> **Task brief**
Reproduce, exactly and only, the lines of the data that follows from the one containing "В аренду: $2,095" down to the one containing "Family Apartment |", without pictures.

> **Dataset entries**
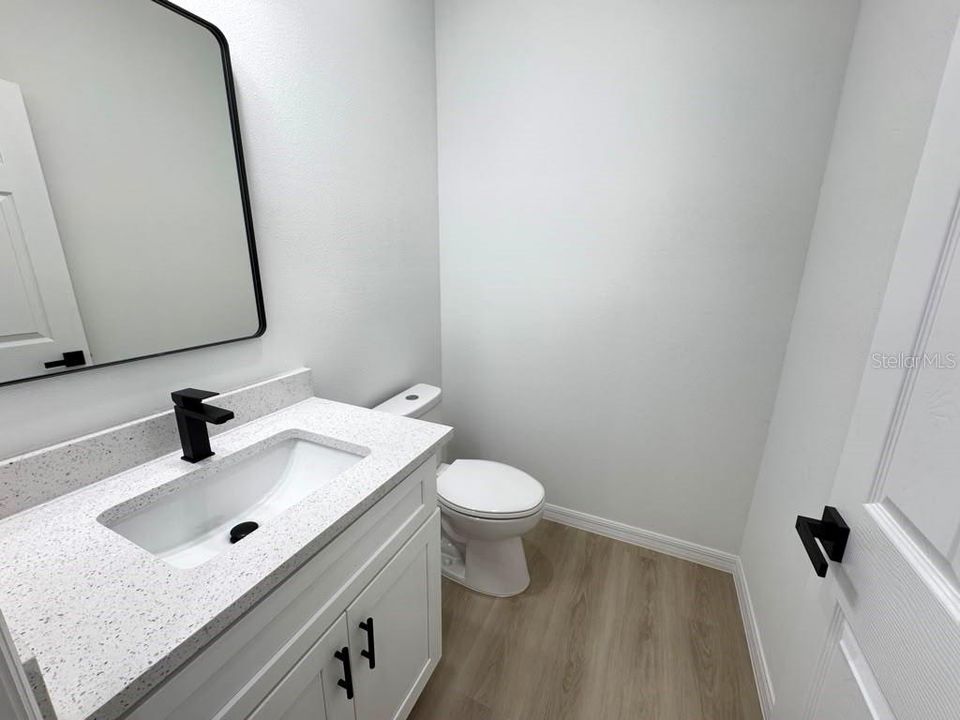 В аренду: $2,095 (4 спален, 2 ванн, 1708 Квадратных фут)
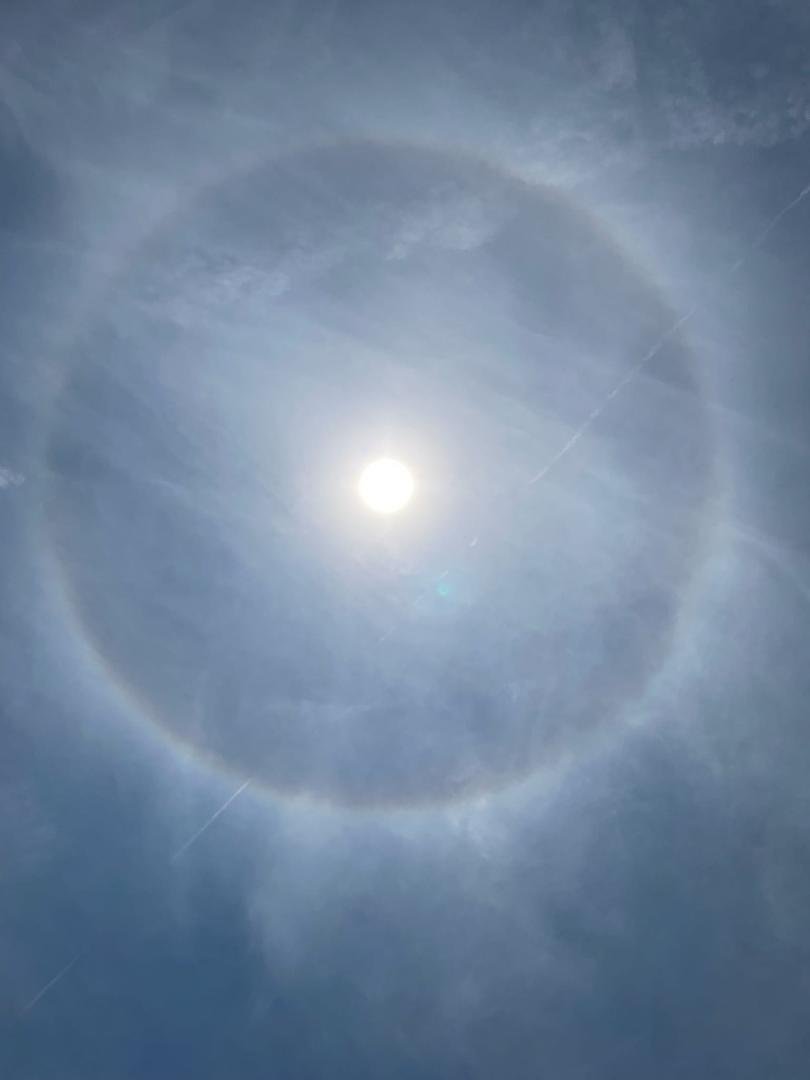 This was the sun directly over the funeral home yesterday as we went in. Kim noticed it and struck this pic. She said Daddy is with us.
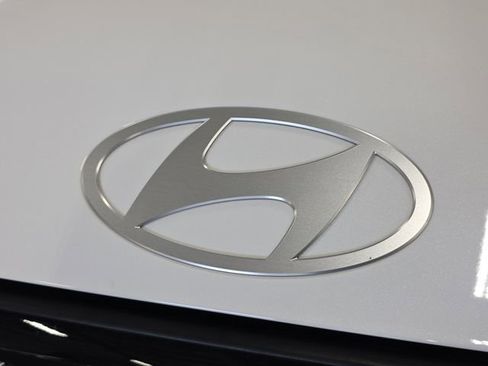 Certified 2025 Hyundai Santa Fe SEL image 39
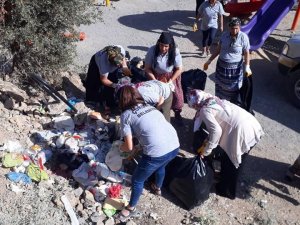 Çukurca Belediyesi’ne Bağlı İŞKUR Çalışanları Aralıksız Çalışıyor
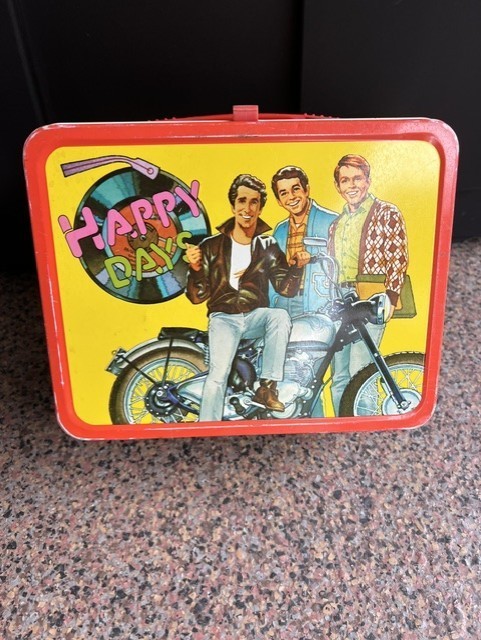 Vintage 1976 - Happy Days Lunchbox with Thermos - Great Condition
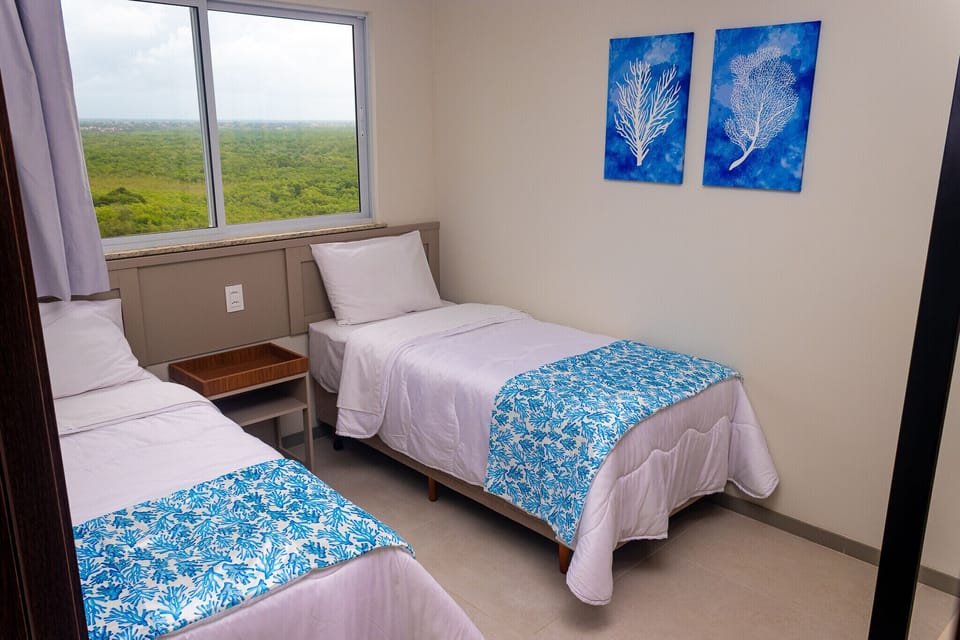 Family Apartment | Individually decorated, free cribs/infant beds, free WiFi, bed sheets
---
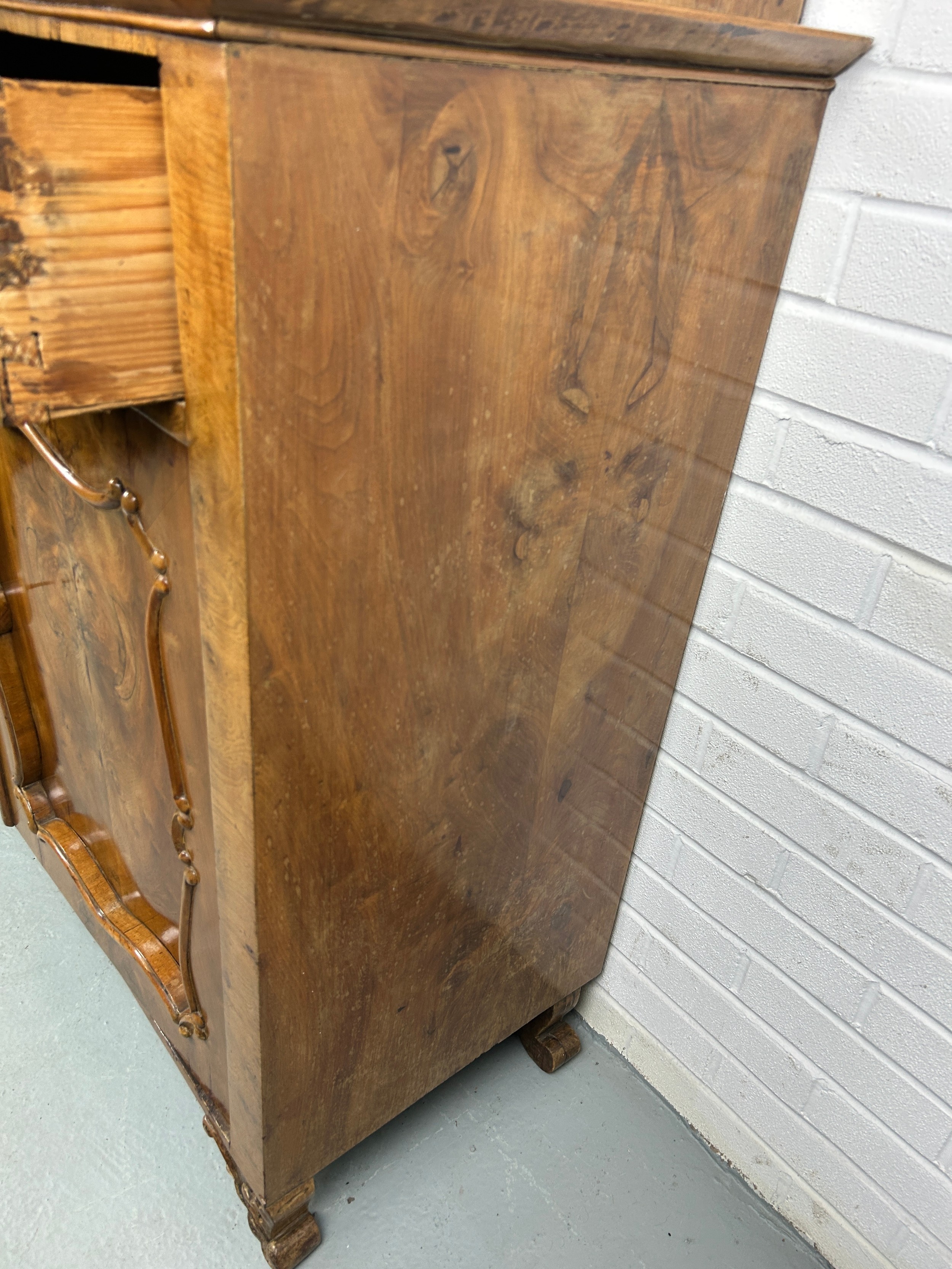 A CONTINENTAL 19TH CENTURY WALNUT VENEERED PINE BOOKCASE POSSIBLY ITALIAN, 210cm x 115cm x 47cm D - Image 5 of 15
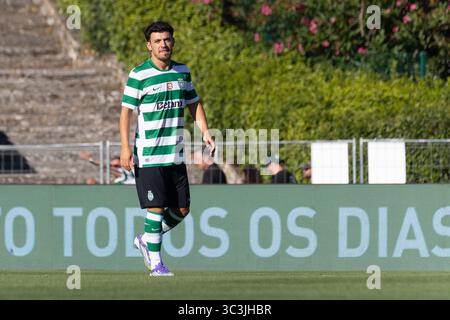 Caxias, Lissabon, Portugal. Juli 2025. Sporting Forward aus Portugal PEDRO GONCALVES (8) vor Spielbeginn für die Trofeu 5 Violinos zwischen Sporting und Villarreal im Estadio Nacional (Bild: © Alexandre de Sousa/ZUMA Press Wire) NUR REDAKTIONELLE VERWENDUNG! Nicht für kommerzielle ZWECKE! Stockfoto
---
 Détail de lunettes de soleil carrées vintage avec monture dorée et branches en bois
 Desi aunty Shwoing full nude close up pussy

> **Written response**
 В аренду: $2,095 (4 спален, 2 ванн, 1708 Квадратных фут)
 This was the sun directly over the funeral home yesterday as we went in. Kim noticed it and struck this pic. She said Daddy is with us.
 Certified 2025 Hyundai Santa Fe SEL image 39
 Çukurca Belediyesi’ne Bağlı İŞKUR Çalışanları Aralıksız Çalışıyor
 Vintage 1976 - Happy Days Lunchbox with Thermos - Great Condition
 Family Apartment | Individually decorated, free cribs/infant beds, free WiFi, bed sheets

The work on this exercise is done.